Pathway-based analysis is rapidly emerging as an alternative but powerful approach for searching for disease causal genes from genomic datasets and has been applied to many complex diseases recently, but it is only now beginning to be applied in psychiatry. Here, we discuss critical issues in the pathway-based approach by specifically comparing the first pathway analysis of genome-wide association studies (GWAS) datasets in neuropsychiatric disorders by O'Dushlaine and colleagues (Molecular Psychiatry 2010, doi:10.1038/mp.2010.7) with our analysis. We also computed the power of gene set enrichment analysis, hypergeometric test, and SNP ratio test in order to assist future applications of these methods in pathway-based analysis of GWAS datasets. Overall, we suggest that the pathway-based approach is effective but caution is needed in interpreting the results of such analysis.

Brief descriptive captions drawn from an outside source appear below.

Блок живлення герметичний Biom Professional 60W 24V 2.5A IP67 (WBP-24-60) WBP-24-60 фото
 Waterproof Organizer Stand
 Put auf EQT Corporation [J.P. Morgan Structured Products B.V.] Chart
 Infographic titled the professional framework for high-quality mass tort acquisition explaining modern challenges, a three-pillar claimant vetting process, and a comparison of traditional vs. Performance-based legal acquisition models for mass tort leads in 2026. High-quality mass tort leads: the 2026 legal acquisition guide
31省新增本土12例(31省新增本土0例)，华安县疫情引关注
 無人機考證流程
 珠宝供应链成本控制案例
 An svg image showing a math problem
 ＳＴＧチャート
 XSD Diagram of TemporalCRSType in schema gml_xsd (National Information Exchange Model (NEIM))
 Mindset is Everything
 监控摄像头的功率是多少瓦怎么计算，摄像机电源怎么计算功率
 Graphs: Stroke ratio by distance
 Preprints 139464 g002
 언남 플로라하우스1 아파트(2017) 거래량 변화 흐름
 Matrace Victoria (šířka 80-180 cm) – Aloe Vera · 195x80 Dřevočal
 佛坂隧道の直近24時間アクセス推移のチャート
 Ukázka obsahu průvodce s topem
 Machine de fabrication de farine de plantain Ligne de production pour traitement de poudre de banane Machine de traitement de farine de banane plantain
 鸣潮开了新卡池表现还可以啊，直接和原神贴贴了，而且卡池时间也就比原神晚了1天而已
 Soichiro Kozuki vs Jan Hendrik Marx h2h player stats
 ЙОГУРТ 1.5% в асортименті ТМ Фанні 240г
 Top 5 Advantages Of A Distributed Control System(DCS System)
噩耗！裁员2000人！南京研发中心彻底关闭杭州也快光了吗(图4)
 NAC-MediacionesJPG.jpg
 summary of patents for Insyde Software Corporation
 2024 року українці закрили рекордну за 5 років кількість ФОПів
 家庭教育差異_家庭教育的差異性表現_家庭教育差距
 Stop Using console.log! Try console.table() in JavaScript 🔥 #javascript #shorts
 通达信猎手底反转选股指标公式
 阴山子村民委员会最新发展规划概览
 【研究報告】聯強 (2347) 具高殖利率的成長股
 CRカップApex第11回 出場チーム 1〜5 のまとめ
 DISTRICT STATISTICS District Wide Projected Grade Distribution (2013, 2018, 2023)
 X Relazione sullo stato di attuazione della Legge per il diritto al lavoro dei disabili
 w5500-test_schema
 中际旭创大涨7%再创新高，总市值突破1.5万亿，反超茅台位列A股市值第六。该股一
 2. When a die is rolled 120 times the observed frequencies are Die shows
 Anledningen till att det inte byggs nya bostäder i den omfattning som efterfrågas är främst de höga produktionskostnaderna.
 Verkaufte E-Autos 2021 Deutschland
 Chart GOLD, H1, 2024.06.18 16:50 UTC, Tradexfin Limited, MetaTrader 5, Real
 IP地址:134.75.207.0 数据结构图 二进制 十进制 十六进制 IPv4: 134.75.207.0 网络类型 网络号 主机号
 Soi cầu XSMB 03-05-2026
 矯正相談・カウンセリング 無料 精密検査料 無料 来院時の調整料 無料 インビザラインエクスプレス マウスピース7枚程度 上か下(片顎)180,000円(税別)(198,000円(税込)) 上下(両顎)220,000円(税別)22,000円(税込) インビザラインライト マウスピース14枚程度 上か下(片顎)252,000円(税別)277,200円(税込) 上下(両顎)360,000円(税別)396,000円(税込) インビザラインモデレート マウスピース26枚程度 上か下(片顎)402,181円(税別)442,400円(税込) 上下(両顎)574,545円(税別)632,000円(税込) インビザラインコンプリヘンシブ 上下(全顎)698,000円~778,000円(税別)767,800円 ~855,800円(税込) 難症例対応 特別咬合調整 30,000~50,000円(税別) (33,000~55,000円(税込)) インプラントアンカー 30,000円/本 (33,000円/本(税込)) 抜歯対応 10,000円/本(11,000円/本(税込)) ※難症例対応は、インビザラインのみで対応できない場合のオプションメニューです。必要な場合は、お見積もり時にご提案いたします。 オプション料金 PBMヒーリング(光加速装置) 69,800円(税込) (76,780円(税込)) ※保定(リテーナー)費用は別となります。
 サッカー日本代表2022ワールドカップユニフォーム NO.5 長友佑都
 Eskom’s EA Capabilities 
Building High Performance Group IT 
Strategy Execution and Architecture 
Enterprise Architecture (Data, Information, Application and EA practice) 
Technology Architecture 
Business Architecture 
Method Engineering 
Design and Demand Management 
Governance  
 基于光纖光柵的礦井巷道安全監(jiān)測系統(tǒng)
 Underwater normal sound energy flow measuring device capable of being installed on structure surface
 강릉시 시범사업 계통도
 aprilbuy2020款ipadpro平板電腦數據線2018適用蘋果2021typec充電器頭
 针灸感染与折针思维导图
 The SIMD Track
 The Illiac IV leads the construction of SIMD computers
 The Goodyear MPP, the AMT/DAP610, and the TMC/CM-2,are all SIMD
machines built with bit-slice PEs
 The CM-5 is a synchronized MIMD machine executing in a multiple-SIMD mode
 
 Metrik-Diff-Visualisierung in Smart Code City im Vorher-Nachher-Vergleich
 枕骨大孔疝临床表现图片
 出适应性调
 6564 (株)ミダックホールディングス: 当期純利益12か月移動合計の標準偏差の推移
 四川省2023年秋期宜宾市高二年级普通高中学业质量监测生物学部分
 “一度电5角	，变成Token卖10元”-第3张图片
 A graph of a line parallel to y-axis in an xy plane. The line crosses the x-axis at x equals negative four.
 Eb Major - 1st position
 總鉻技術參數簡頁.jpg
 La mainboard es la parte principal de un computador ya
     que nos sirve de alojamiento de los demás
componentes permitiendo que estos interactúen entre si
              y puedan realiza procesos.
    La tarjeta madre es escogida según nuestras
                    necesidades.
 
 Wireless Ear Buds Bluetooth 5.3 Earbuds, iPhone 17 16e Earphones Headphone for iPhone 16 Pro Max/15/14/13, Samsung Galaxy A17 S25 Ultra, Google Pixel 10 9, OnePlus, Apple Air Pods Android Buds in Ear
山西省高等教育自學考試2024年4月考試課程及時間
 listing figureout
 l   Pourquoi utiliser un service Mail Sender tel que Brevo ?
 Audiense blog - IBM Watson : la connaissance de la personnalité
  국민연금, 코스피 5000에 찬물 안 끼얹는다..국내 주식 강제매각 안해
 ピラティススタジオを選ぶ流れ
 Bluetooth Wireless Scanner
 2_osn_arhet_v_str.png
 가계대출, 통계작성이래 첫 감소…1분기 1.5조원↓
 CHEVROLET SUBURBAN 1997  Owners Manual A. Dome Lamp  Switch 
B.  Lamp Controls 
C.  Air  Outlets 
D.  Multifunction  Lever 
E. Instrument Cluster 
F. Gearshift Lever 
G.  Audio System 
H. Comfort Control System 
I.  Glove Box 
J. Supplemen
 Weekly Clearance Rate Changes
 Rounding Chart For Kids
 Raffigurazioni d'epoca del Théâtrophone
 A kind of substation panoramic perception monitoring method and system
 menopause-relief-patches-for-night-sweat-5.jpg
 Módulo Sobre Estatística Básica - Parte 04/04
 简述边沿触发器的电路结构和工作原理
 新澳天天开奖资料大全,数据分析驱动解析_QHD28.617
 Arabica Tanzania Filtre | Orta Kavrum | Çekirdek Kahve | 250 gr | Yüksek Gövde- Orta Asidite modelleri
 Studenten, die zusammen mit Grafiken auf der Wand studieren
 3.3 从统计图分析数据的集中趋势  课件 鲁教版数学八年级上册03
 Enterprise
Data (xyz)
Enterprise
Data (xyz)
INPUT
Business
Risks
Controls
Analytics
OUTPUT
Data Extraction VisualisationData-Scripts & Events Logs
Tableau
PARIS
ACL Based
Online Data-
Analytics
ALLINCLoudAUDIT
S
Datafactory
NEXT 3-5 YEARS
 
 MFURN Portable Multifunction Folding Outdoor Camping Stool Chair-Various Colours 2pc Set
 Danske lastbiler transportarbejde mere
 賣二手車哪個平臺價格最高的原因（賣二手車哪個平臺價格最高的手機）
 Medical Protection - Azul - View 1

Genome-wide association studies (GWAS) have become a popular approach for searching for common genetic variants which increase susceptibility to complex diseases or traits such as neuropsychiatric disorders. However, at the stringent genome-wide significance level of p<5×10−8, many markers that are truly but weakly associated with disease often fail to be detected (Purcell et al.2009; Shi et al.2009; Stefansson et al.2009; Sullivan et al.2008). Recently, pathway-based or gene set enrichment analysis of GWAS datasets has emerged as an alternative but potentially powerful approach to searching for disease causal genes, assuming a complex disease such as schizophrenia might have resulted from a number of genes which disrupt one or more pathways or protein complexes. Specifically in psychiatry, O'Dushlaine and colleagues (2010) recently applied a pathway-based approach to mine for genetic signals for schizophrenia and bipolar disorder based upon GWAS data, which represented the first successful application of this approach in the field. Using two GWAS datasets they identified five pathways which were significantly associated with schizophrenia. However, only the cell adhesion molecular (CAM) pathway remained significant after corrections for multiple testing. Furthermore, the CAM pathway was also significant in an independent GWAS dataset (WTCCC) for bipolar disorder.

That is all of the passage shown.